Repoliticizing the Anti-Politics Machine: Development, Expertise, and Ethnic Politics in Sri Lanka: Uvin Dissanayake (McGill University), Narendra Subramanian (McGill University)
Abstract: Since the publication of James Ferguson’s 1990 book of the same title, the image of the development industry as an ‘anti-politics machine’ has become the dominant analytical metaphor in development studies. Indeed, the idea of development as depoliticizing is prevalent not only in critical literature but increasingly in mainstream development management theory, with frameworks like ‘Adaptive Management’ and ‘Doing Development Differently’ being proposed to better incorporate politics in development practice. I argue that this metaphor and the theoretical consensus surrounding it is misleading. This paper puts forward a theory of repoliticization in development, understood as a process by which development practices reveal the contingency of a given socio-political arrangement, challenging a consensus that has allowed for it to be naturalized. I use practice tracing methods to explore how different groups of development actors, namely the Sri Lankan military and 'international development' practitioners, engage back and forth in processes of repoliticization and depoliticization on behalf of rival ordering projects. To do so, I examine the ethnic politics of the Mahaweli Development Program, an irrigation project implemented to make use of Sri Lanka’s largest river, from 1977 to the present. I show how processes of ‘rendering technical' in development practice, commonly understood as part and parcel of depoliticization, can instead generate political contestation. By questioning this assumed opposition between the political and the technical, I hope to show how the concept of repoliticization can help us better understand the effects of development practice on the societies that are the objects of its intervention.

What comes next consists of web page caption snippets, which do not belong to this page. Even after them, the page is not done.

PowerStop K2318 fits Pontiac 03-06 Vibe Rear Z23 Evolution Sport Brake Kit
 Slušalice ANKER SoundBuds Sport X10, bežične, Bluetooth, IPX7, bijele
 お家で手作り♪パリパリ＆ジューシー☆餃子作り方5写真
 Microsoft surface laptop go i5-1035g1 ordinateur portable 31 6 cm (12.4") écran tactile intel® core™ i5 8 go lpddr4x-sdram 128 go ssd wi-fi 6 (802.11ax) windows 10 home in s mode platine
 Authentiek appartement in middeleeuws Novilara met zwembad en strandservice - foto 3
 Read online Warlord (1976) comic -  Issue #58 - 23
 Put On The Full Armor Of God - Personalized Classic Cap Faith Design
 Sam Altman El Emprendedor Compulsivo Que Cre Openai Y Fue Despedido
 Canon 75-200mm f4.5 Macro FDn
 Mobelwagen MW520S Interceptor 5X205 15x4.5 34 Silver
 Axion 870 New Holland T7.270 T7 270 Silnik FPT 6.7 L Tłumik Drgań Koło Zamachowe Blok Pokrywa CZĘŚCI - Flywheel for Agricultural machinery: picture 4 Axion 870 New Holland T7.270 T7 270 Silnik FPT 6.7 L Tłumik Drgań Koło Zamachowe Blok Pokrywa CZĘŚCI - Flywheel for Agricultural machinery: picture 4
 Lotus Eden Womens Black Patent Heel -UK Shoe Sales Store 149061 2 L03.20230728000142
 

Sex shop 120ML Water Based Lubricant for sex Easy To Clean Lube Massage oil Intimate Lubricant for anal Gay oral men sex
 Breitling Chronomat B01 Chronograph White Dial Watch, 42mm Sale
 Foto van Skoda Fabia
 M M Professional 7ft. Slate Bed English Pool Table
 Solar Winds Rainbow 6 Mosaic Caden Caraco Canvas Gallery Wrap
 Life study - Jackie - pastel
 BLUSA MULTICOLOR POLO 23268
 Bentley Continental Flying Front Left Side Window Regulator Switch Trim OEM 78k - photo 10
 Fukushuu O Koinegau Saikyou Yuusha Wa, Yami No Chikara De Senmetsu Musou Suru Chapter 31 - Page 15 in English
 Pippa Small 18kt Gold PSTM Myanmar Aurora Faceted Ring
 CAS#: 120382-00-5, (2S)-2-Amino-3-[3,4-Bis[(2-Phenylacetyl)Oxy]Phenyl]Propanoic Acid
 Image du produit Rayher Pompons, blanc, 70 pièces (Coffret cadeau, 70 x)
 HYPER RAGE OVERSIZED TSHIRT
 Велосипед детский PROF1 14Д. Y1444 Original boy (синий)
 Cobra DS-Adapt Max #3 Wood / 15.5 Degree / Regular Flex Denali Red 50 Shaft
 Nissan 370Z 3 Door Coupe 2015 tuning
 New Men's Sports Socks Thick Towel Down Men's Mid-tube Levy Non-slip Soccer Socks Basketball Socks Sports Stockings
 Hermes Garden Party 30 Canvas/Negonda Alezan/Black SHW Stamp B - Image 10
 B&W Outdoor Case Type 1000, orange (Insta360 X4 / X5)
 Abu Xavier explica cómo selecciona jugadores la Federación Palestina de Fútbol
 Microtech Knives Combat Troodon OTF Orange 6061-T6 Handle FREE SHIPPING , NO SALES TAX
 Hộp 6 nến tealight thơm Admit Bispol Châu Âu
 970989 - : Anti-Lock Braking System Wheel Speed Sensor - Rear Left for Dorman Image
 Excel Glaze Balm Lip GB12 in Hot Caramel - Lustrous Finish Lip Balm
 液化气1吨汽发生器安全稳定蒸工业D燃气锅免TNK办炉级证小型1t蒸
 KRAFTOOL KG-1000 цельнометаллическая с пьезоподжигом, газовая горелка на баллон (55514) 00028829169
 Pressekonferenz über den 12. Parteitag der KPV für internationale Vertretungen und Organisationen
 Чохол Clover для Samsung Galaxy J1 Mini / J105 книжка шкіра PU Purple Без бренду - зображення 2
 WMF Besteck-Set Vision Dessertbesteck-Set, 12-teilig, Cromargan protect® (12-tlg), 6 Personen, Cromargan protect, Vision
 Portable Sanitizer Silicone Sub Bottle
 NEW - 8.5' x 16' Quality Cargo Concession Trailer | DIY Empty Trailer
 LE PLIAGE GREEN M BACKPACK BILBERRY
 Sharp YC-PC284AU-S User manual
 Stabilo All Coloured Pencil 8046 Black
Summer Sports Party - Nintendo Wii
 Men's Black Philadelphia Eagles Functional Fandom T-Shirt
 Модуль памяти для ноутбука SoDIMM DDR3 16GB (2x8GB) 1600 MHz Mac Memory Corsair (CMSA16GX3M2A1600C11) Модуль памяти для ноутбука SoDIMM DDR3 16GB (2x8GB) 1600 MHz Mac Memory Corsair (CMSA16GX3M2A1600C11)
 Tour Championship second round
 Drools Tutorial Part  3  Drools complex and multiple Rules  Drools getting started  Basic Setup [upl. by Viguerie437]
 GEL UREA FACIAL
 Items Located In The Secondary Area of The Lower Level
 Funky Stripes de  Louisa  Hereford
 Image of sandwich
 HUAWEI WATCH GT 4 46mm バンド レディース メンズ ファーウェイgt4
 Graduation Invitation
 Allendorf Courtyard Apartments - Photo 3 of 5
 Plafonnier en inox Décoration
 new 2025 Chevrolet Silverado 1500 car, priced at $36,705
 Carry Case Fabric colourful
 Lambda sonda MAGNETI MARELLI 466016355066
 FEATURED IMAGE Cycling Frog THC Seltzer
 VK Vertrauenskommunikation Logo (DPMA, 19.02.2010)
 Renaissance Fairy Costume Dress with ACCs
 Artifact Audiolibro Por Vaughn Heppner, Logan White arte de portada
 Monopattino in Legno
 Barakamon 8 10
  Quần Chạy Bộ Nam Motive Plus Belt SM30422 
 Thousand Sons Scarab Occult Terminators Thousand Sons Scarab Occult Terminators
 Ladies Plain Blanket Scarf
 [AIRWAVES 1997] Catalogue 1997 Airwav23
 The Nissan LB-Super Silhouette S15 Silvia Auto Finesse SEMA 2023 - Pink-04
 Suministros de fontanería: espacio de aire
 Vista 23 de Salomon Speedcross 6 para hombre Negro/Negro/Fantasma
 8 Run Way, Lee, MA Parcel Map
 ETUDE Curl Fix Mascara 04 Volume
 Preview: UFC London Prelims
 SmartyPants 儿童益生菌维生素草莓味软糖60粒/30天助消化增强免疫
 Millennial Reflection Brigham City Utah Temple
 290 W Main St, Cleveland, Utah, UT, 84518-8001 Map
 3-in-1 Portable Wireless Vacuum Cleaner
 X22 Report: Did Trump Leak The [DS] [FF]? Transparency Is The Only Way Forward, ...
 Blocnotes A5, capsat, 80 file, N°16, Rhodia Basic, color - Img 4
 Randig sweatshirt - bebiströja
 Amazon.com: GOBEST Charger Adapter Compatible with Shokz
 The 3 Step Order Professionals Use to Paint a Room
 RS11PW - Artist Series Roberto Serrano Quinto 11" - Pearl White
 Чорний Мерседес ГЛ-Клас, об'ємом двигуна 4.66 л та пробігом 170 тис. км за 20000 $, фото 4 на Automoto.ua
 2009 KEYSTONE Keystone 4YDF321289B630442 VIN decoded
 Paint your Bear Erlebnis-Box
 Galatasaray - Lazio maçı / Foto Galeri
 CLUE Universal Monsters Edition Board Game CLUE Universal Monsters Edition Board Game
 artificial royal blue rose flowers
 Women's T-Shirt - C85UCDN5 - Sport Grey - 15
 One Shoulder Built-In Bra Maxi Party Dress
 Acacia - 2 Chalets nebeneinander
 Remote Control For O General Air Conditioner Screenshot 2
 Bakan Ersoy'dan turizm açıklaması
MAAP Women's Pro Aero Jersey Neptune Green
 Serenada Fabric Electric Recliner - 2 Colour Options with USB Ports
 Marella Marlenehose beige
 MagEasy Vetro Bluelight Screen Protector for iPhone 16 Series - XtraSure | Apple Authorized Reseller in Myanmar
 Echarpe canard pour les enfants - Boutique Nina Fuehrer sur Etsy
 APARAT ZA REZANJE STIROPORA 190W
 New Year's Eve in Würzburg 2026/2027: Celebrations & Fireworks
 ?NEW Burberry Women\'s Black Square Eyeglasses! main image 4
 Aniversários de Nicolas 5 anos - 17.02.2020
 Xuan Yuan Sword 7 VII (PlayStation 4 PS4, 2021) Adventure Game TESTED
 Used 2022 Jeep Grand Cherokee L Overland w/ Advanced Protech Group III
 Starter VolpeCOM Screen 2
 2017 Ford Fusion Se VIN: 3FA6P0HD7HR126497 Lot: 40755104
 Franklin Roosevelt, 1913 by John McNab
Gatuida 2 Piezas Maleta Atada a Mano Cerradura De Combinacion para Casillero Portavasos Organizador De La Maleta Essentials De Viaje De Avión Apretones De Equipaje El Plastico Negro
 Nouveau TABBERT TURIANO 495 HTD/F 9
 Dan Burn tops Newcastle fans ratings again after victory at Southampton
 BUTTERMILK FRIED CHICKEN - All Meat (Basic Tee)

Peace Building in South Asia: Exploring through lenses of Structure, Culture and Rationality: Muhammad Sajid (University of the Punjab,Lahore-Pakistan)
Abstract: Durable peace in South Asia is still a fantasy. This research attempts to find out causes of failure of peace building between Pakistan and India. Due to its comprehension, the concept of peace building has been used. Using paradigms of comparative politics i.e. Rationality, Structure and Culture as well as some theories of International Relations, this research aims at finding the real causes of failure of peace building attempts. Though conflict and peace is studied under the umbrella of International Relations, this research is also an attempt to explain peace buildi ng by using theories of comparative politics. It focuses on how and why individual and collective human agency and structural solutions failed in peace building in South Asia. It also explains how ethnic structure, factional politics, ideological indoctrination in politics, building of extreme nationalist narrative, territorial disputes and non-political elites posed hurdles in the way of peace process. By mapping existing literature, this research not only fills the gap by finding root causes of peace building failure but also suggests possible solutions of peace building between the two states.